As for the rest:  some good choices, some meh choices, and some choices that make me wonder whether quality is on the mind of the community.  I am still surprised that The Agony Column never makes the list, since it is one of the few podcasts out there that actually takes its interviews seriously (i.e., the interviewer actually reads the book, or tries, or at least reads the cover blurb).

I'm happy the category exists, though, and I suppose I will give some podcasts here a second chance.

Overall feeling:  *eh, whatever*
Who will win?  Coode Street (or I will break something*

Best Editor, Long Form
Lou Anders
Liz Gorinsky
Anne Lesley Groell
Patrick Nielsen Hayden
Betsy Wollheim

What?  No Jason Williams/Jeremy Lassen or Nick Mamatas?  Expect me to be very disappointed, then.  And I don't mean to imply that Anders, Gorinsky or Hayden don't deserve to be up there.  They do.  I just think some new names need to make this list (or at least names that are up to new things).

Of course, Groell and Wollheim are up there, which makes me happy.

Overall feeling:  *eh*
Who will win?  Gorinsky (I'm not really sure; it's a tie with Groell...)

Best Editor, Short Form
John Joseph Adams
Neil Clarke
Stanley Schmidt
Jonathan Strahan
Sheila Williams

No surprises here.  Good editors all.  Schmidt probably should win just because he's never won, but I suspect Adams will steal the show, or Williams.  Who knows?

Overall feeling:  *okay*
Who will win?  JJA

Best Professional Artist
Dan dos Santos
Bob Eggleton
Michael Komarck
Stephan Martiniere
John Picacio

It's a tie between Martiniere and Picacio for me, but I will, as always, lean towards the former because I love his work.  There are some great names here, of course, so I'm not disappointed in the slightest.

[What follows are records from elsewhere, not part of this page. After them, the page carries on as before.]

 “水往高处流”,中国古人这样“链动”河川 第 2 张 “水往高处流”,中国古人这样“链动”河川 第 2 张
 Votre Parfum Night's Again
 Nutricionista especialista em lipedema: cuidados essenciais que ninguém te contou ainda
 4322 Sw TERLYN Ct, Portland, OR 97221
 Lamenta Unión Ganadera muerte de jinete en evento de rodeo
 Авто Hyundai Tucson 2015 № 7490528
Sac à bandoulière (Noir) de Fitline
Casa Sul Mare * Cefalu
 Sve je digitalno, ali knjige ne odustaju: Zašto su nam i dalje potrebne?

Overall feeling:  *smiles*
Who will win?  Picacio

Best Fan Artist
Brad W. Foster
Randall Munroe
Spring Schoenhuth
Maurine Starkey
Steve Stiles
Taral Wayne
Note: 6 nominees due to tie for final position.

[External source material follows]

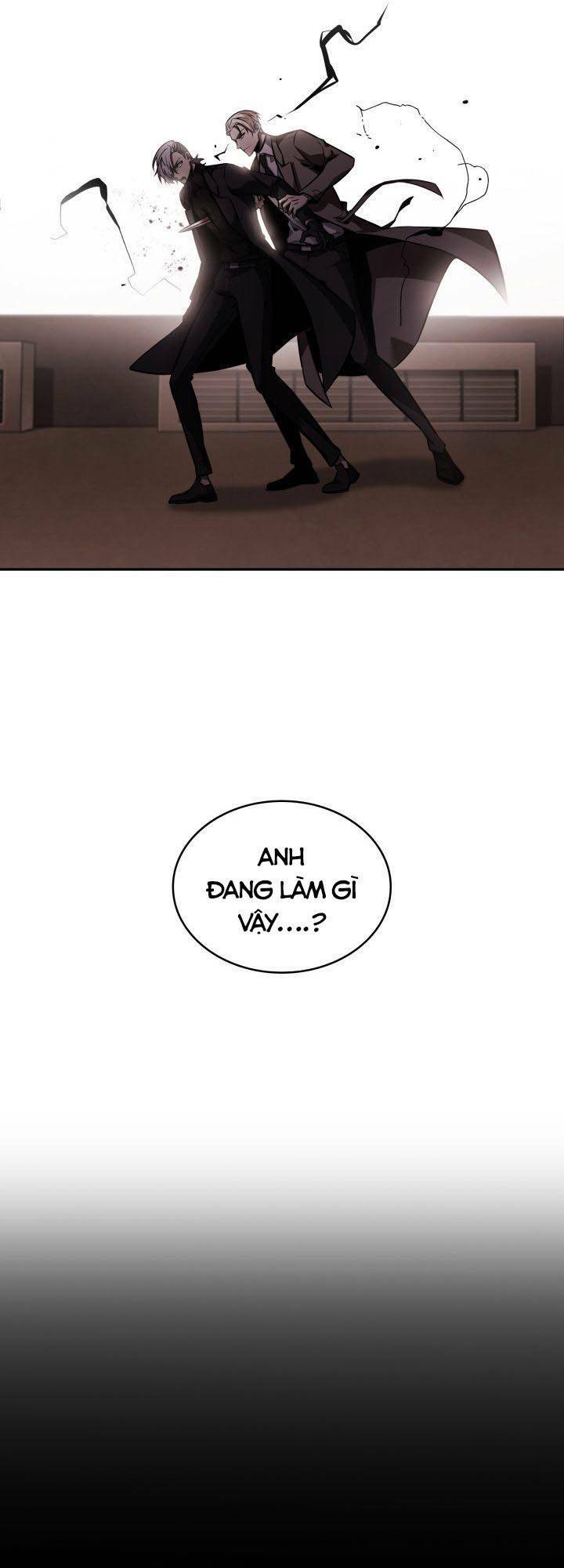 Vua Trộm mộ: Chapter 352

I know nothing about these selections.  You all can argue about them in the comments.

Overall feeling:  *umm, what?*
Who will win?  No idea.

Best Fan Writer
James Bacon
Claire Brialey
Christopher J. Garcia
Jim C. Hines
Steven H Silver

The same names as before.  Except there is a new one here:  Jim C. Hines.  Can you guess who I hope will win?  If you guessed Hines, you are correct!  I think he contributes a lot of amazing thoughts to the community, even more so than Scalzi, who has been on this list before.  He certainly deserves to be there.  And he better win...

Overall feeling:  *eh, with a side of hmm*
Who will win?  Hines.

The John W. Campbell Award for Best New Writer
Mur Lafferty
Stina Leicht
Karen Lord
Brad R. Torgersen
E. Lily Yu

I'm not sure Lafferty counts as a new writer, unless by "new" we mean "new professionally published writer," which I'm not convinced she is either.  Not that I dislike Lafferty or anything; this is more me being confused.

But the list is otherwise damned good.  Stina Leicht!  Karen Lord!  Holy hell, they are amazing authors.  And that means I have a big problem:  who do I root for?  I want them both to win.  They're both great.  I can't choose.  Don't make me.  Please.  PLEASE.  GAH!

Overall feeling:  *super smile*
Who will win?  Leicht.  LORD!  LEICHT!  LORDDDDDD!  LEEEEEEEEEEEEEEEEEEEEICHT!  Shut up.  No.  Yes.

Both of you shut up...

------------------------------------------------------

The comments are yours.  Feel free to rip me a new one.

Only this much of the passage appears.